**Data extracts**
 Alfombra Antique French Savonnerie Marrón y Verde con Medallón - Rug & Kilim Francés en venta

...

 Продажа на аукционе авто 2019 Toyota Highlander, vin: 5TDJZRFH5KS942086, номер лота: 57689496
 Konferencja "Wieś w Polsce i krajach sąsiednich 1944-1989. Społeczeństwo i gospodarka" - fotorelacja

==

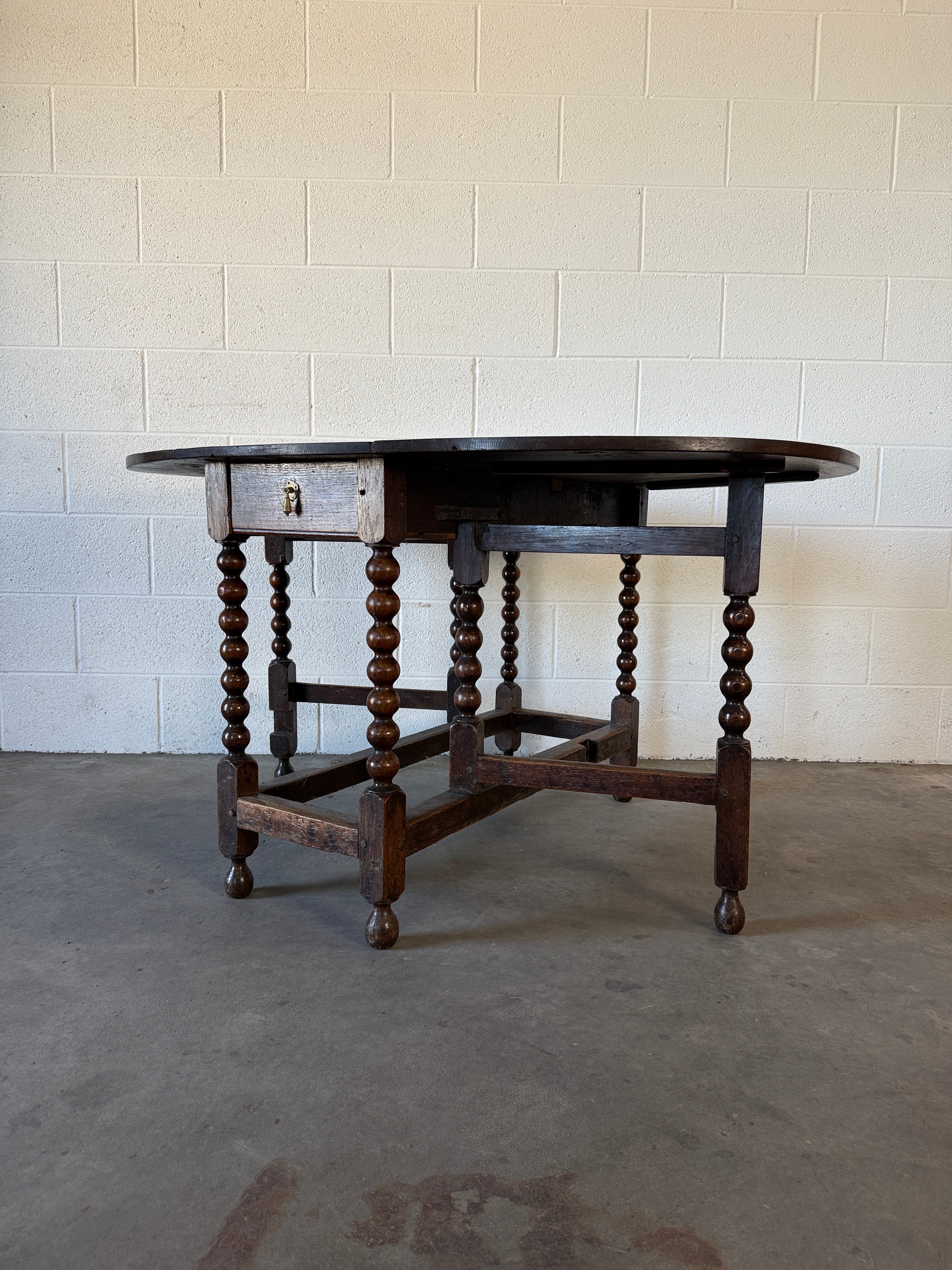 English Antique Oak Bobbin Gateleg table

**Task directions**
The required answer is the run of lines above, starting at the line with "Продажа на аукционе" and ending at the line with "Polsce i krajach", reproduced exactly with both ends.

**Solution to this task**
 Продажа на аукционе авто 2019 Toyota Highlander, vin: 5TDJZRFH5KS942086, номер лота: 57689496
 Konferencja "Wieś w Polsce i krajach sąsiednich 1944-1989. Społeczeństwo i gospodarka" - fotorelacja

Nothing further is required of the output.